---------- Materials provided ----------

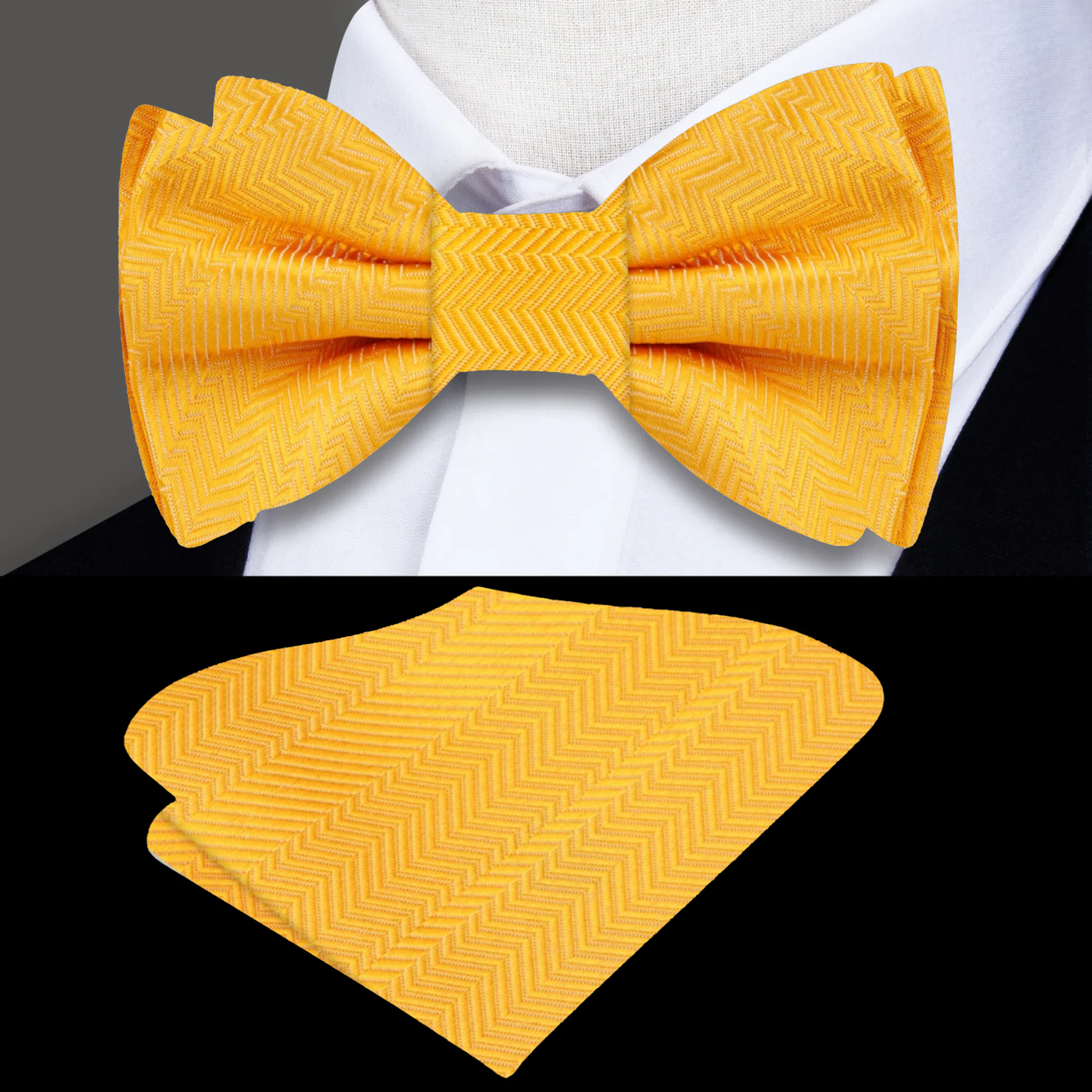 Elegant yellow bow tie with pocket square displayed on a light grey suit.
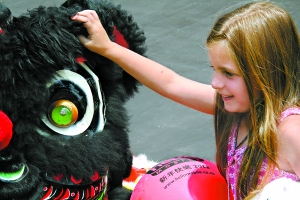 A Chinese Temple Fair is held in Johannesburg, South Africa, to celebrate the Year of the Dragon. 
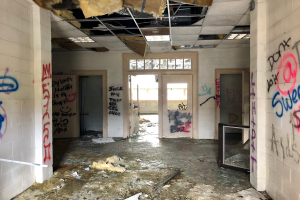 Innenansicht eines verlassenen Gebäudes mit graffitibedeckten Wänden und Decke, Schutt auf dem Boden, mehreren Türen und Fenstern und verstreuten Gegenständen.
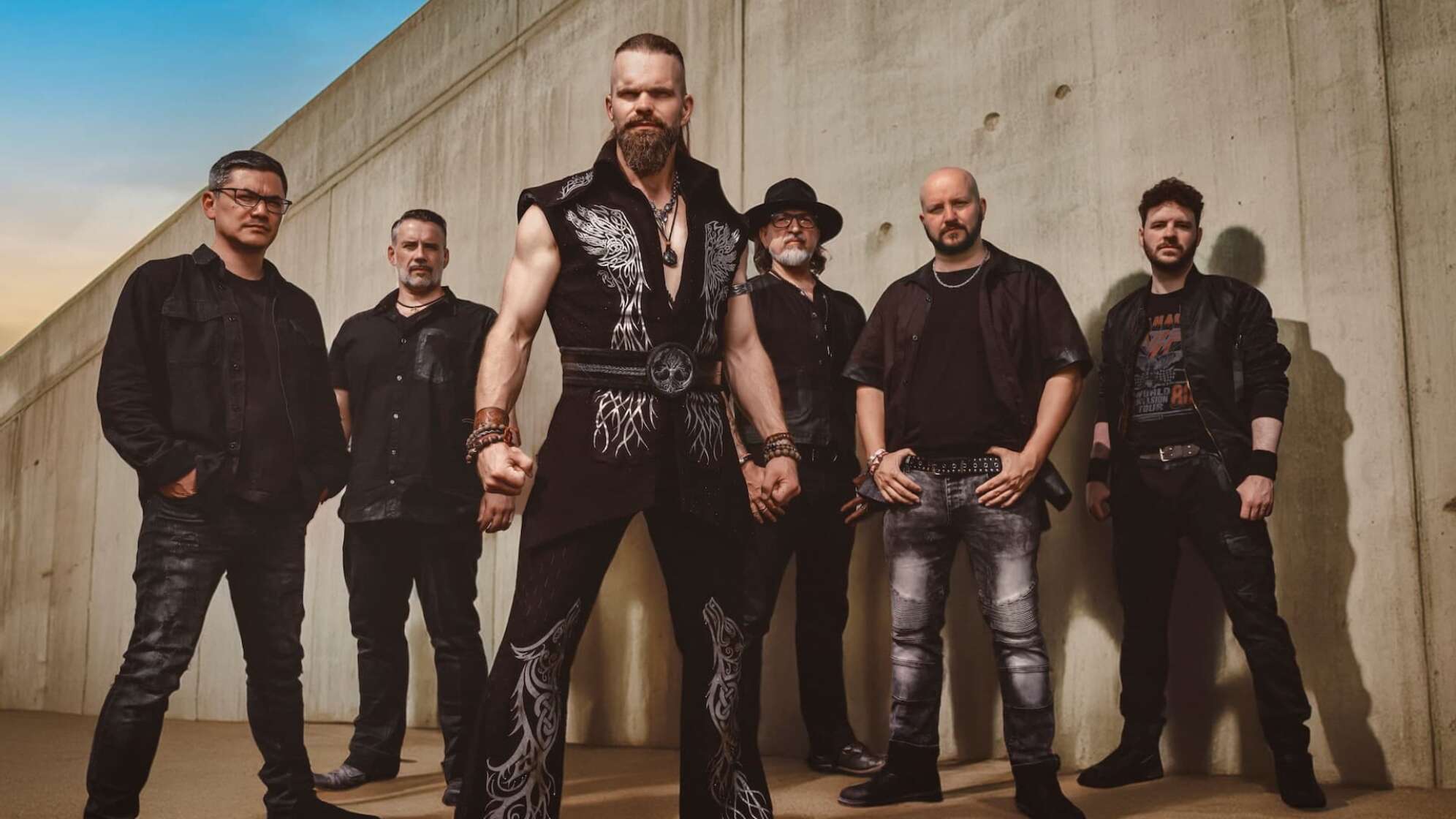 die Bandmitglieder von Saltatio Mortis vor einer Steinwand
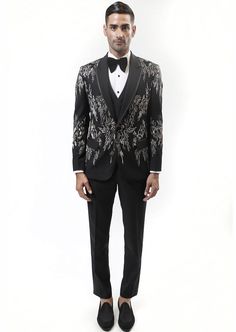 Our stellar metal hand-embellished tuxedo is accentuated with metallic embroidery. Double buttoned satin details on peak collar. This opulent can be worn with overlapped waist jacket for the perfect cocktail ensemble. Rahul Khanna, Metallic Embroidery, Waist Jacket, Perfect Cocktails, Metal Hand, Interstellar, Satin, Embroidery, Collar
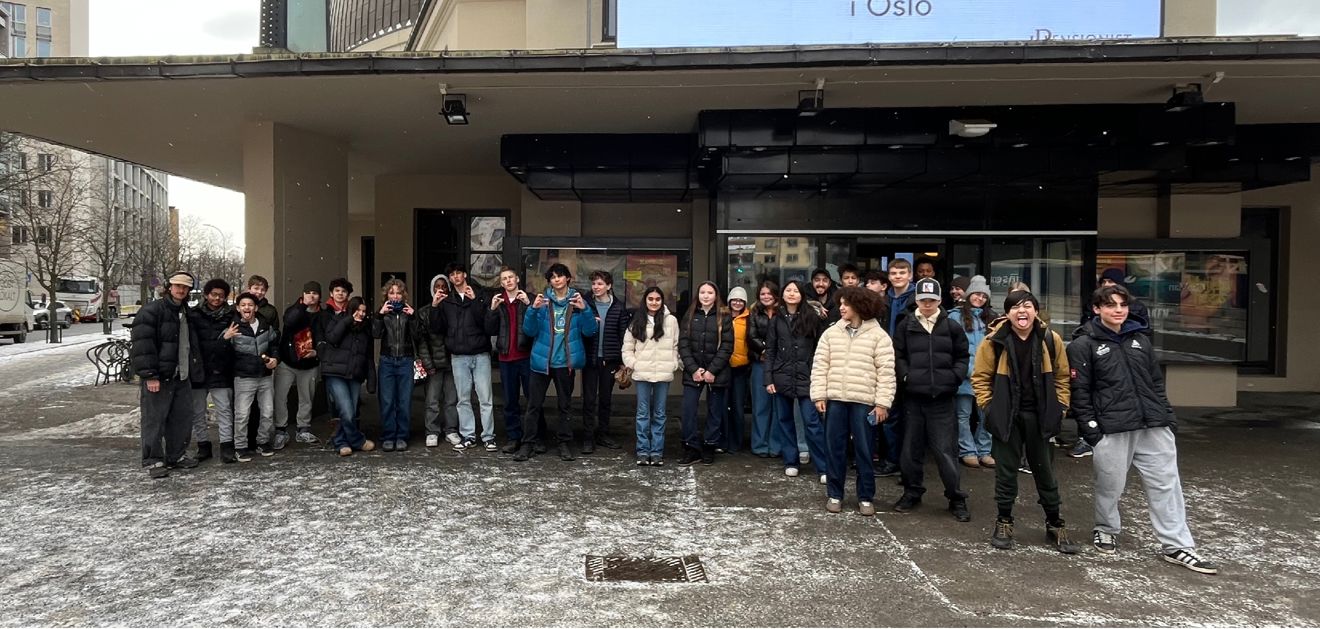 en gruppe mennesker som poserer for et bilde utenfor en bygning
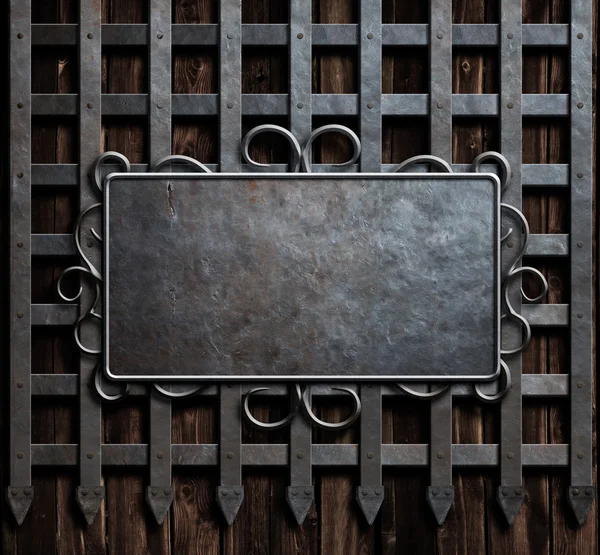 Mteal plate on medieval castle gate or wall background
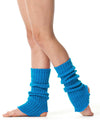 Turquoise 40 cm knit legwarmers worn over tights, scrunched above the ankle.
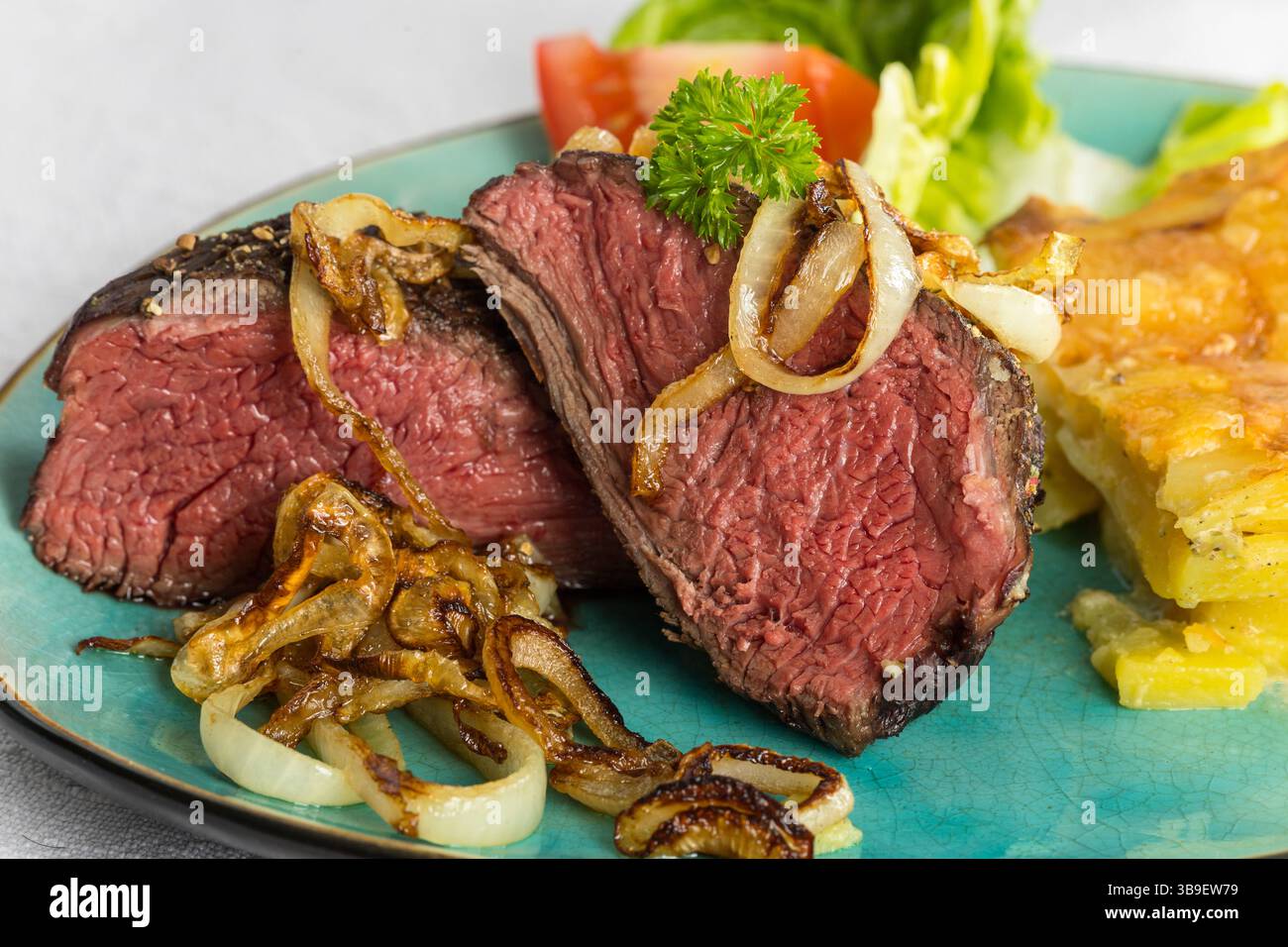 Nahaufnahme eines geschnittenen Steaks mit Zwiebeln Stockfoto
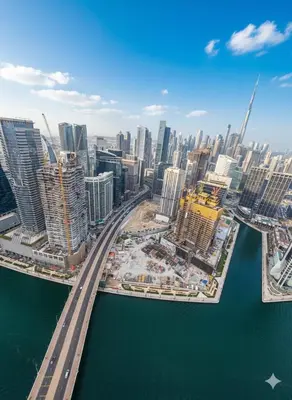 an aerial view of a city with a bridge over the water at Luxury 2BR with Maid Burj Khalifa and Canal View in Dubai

----------

What the task requires |
Your copy should run from the line that has "die Bandmitglieder von" through the last line above, exactly, with both ends in and pictures out.

Answer below |
 die Bandmitglieder von Saltatio Mortis vor einer Steinwand
 Our stellar metal hand-embellished tuxedo is accentuated with metallic embroidery. Double buttoned satin details on peak collar. This opulent can be worn with overlapped waist jacket for the perfect cocktail ensemble. Rahul Khanna, Metallic Embroidery, Waist Jacket, Perfect Cocktails, Metal Hand, Interstellar, Satin, Embroidery, Collar
 en gruppe mennesker som poserer for et bilde utenfor en bygning
 Mteal plate on medieval castle gate or wall background
 Turquoise 40 cm knit legwarmers worn over tights, scrunched above the ankle.
 Nahaufnahme eines geschnittenen Steaks mit Zwiebeln Stockfoto
 an aerial view of a city with a bridge over the water at Luxury 2BR with Maid Burj Khalifa and Canal View in Dubai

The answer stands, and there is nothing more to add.